▶ [Required action] Beginning with the line that contains "a living room" and ending with the line that contains "Former Ontario Premier", reproduce the lines of the entries below exactly, omitting pictures.

Data Start Marker

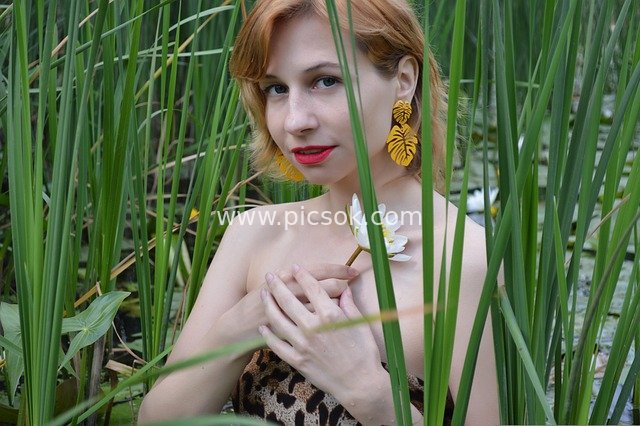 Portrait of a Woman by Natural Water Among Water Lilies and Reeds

Data End Marker
Data Start Marker

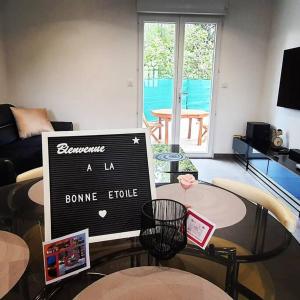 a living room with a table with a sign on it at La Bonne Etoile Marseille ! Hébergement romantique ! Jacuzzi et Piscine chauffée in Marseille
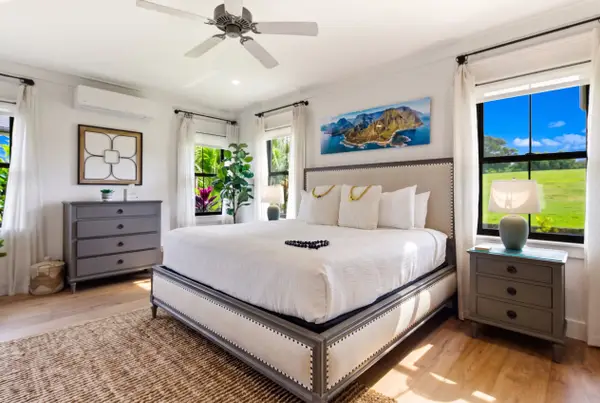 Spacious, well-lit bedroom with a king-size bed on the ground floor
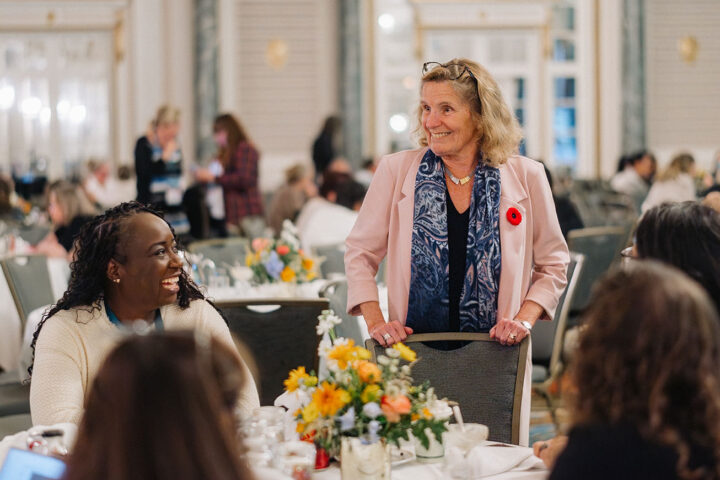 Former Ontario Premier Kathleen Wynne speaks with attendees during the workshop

Data End Marker
Data Start Marker

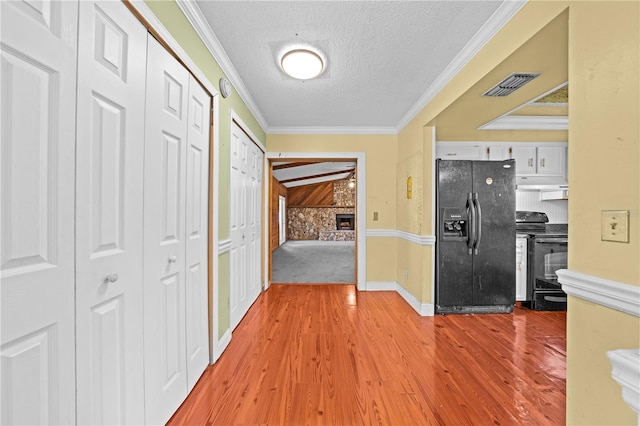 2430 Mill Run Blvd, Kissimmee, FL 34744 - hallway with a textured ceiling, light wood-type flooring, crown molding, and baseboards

Data End Marker

▶ [Output below]
 a living room with a table with a sign on it at La Bonne Etoile Marseille ! Hébergement romantique ! Jacuzzi et Piscine chauffée in Marseille
 Spacious, well-lit bedroom with a king-size bed on the ground floor
 Former Ontario Premier Kathleen Wynne speaks with attendees during the workshop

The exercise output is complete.